Other conditions can prevent your query from using the cache. Common examples are:

  • Using IEnumerable<T>.Contains<>(T value)
  • Linking your query to another query that requires to be recompiled.

4.1 Using IEnumerable<T>.Contains<T>(T value)

Entity
Framework does not cache queries that invoke
IEnumerable<T>.Contains<T>(T value) against an in-memory
collection, since the values of the collection are considered volatile.
The following example query will not be cached, so it will always be
processed by the plan compiler:

int[] ids = new int[10000];
...
using (var context = new MyContext())
{
    var query = context.MyEntities
                    .Where(entity => ids.Contains(entity.Id));

var results = query.ToList();
    ...
}

Additionally,
note that the size of the IEnumerable against which Contains is
executed determines how fast or how slow your query is compiled.
Performance can suffer significantly when using large collections such
as the one shown in the example above.

4.2 Linking to queries that require recompiling

Following
the same example as above, if you have a second query that relies on a
query that needs to be recompiled, your entire second query will also be
recompiled. Here’s an example to illustrate this scenario:

int[] ids = new int[10000];
...
using (var context = new MyContext())
{
    var firstQuery = from entity in context.MyEntities
                        where ids.Contains(entity.Id)
                        select entity;

var secondQuery = from entity in context.MyEntities
                        where firstQuery.Any(otherEntity => otherEntity.Id == entity.Id)
                        select entity;

string results = secondQuery.ToList();
    ...
}

The
example is generic, but it illustrates how linking to firstQuery is
causing secondQuery to be unable to get cached. If firstQuery had not
been a query that requires recompiling, then secondQuery would have been
cached.

5 NoTracking Queries

5.1 Disabling change tracking to reduce state management overhead

If
you are in a read-only scenario and want to avoid the overhead of
loading the objects into the ObjectStateManager, you can issue "No
Tracking" queries.  Change tracking can be disabled at the query level.

Note
though that by disabling change tracking you are effectively turning
off the object cache.
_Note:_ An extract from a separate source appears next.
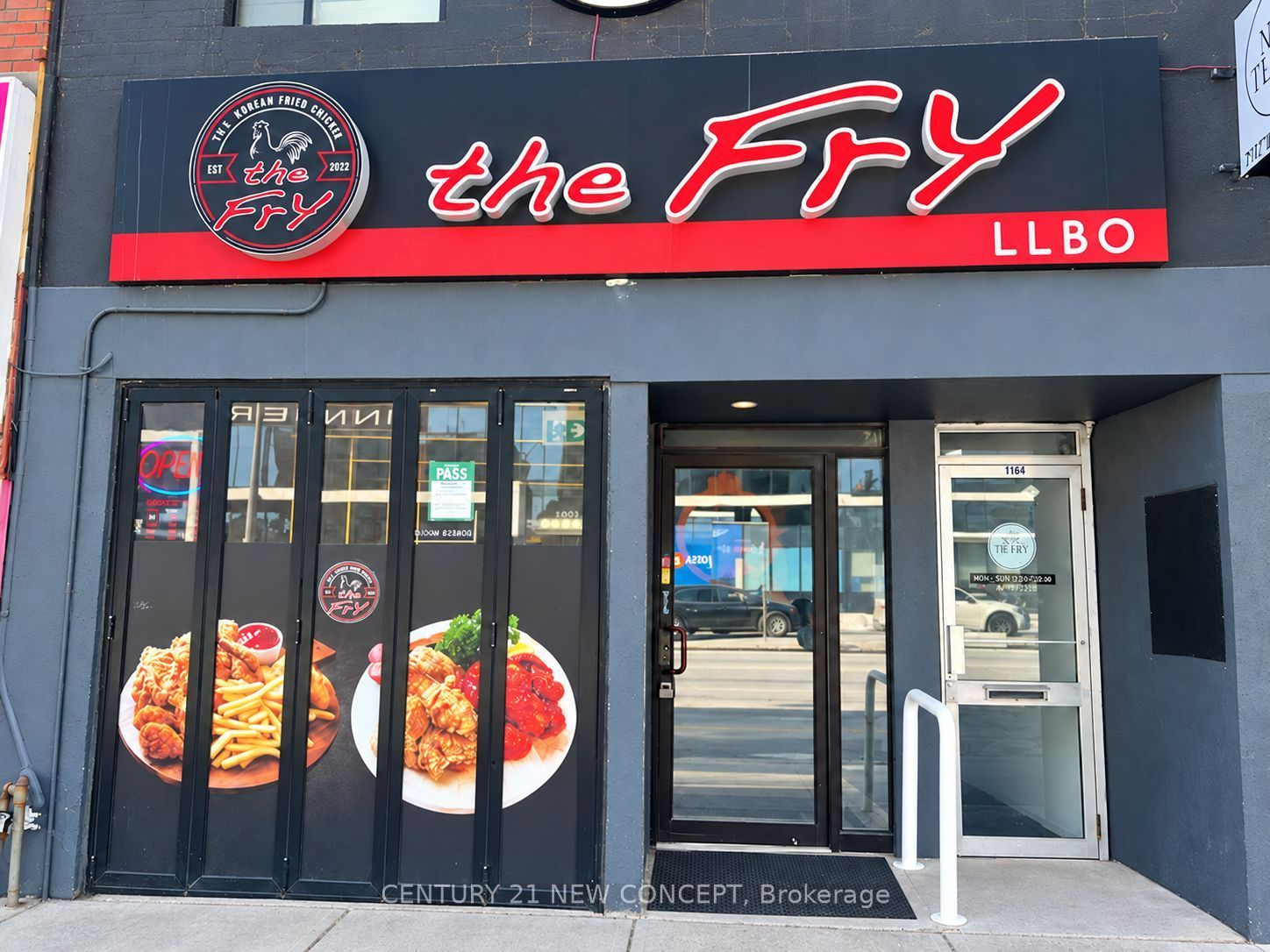 4864 Yonge photo 2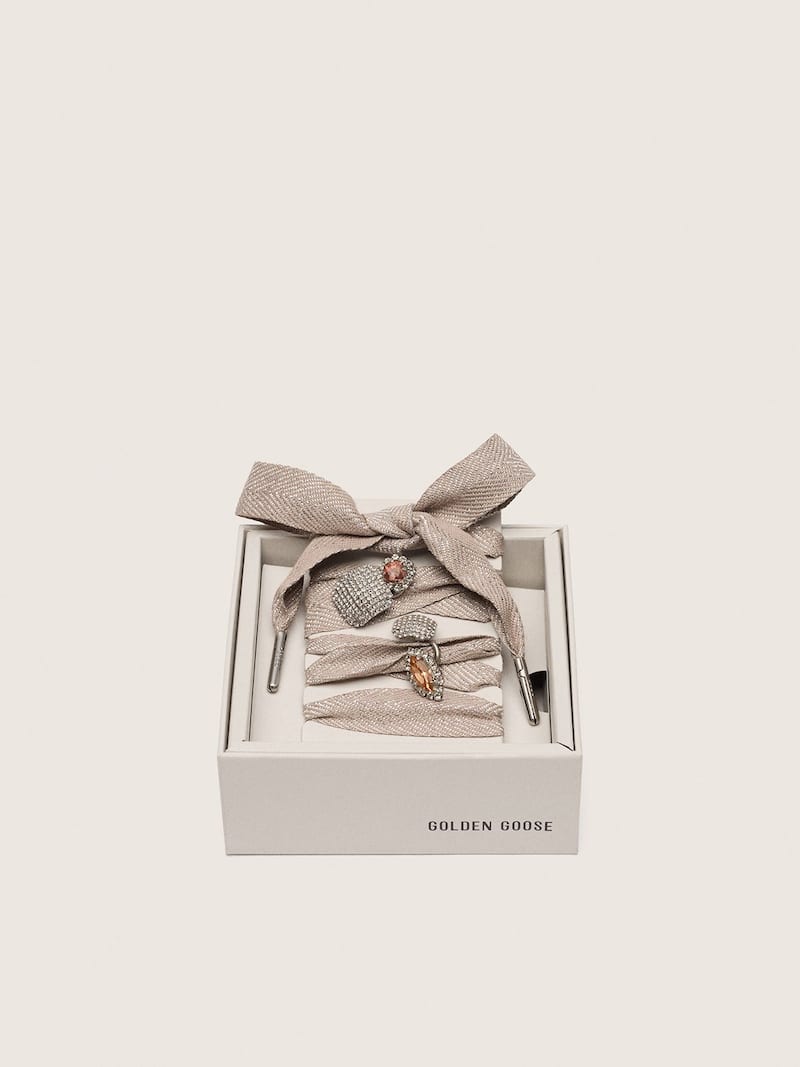Skins silver laces with jewel charms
When you query for an entity, we can't skip
materialization by pulling the previously-materialized query results
from the ObjectStateManager. If you are repeatedly querying for the same
entities on the same context, you might actually see a performance
benefit from enabling change tracking.

When querying using
ObjectContext, ObjectQuery and ObjectSet instances will remember a
MergeOption once it is set, and queries that are composed on them will
inherit the effective MergeOption of the parent query. When using
DbContext, tracking can be disabled by calling the AsNoTracking()
modifier on the DbSet.

5.1.1 Disabling change tracking for a query when using DbContext

You
can switch the mode of a query to NoTracking by chaining a call to the
AsNoTracking() method in the query. Unlike ObjectQuery, the DbSet and
DbQuery classes in the DbContext API don’t have a mutable property for
the MergeOption.

var productsForCategory = from p in context.Products.AsNoTracking()
                                where p.Category.CategoryName == selectedCategory
                                select p;

5.1.2 Disabling change tracking at the query level using ObjectContext

var productsForCategory = from p in context.Products
                                where p.Category.CategoryName == selectedCategory
                                select p;

((ObjectQuery)productsForCategory).MergeOption = MergeOption.NoTracking;

5.1.3 Disabling change tracking for an entire entity set using ObjectContext

context.Products.MergeOption = MergeOption.NoTracking;

var productsForCategory = from p in context.Products
                                where p.Category.CategoryName == selectedCategory
                                select p;

5.2 Test Metrics demonstrating the performance benefit of NoTracking queries

In
this test we look at the cost of filling the ObjectStateManager by
comparing Tracking to NoTracking queries for the Navision model. See the
appendix for a description of the Navision model and the types of
queries which were executed. In this test, we iterate through the list
of queries and execute each one once. We ran two variations of the test,
once with NoTracking queries and once with the default merge option of
"AppendOnly". We ran each variation 3 times and take the mean value of
the runs. Between the tests we clear the query cache on the SQL Server
and shrink the tempdb by running the following commands:

  1. DBCC DROPCLEANBUFFERS
  2. DBCC FREEPROCCACHE
  3. DBCC SHRINKDATABASE (tempdb, 0)

Test Results:

Variation Average Results (over 3 runs)
NoTracking Queries Elapsed Seconds=315.63, Working Set=588997973
AppendOnly Queries Elapsed Seconds=335.43, Working Set=629760000

In these tests, filling the ObjectStateManager takes 6% longer, and 6% more memory.

6 Query Execution Options

Entity
Framework offers several different ways to query. We'll take a look at
the following options, compare the pros and cons of each, and examine
their performance characteristics:

  • LINQ to Entities.
  • No Tracking LINQ to Entities.
  • Entity SQL over an ObjectQuery.
  • Entity SQL over an EntityCommand.
  • ExecuteStoreQuery.
  • SqlQuery.
  • CompiledQuery.

6.1       LINQ to Entities queries

var q = context.Products.Where(p => p.Category.CategoryName == "Beverages");

Pros

  • Suitable for CUD operations.
  • Fully materialized objects.
  • Simplest to write with syntax built into the programming language.
  • Good performance.

Cons

  • Certain technical restrictions, such as:
    • Patterns
      using DefaultIfEmpty for OUTER JOIN queries result in more complex
      queries than simple OUTER JOIN statements in Entity SQL.
    • You still can’t use LIKE with general pattern matching.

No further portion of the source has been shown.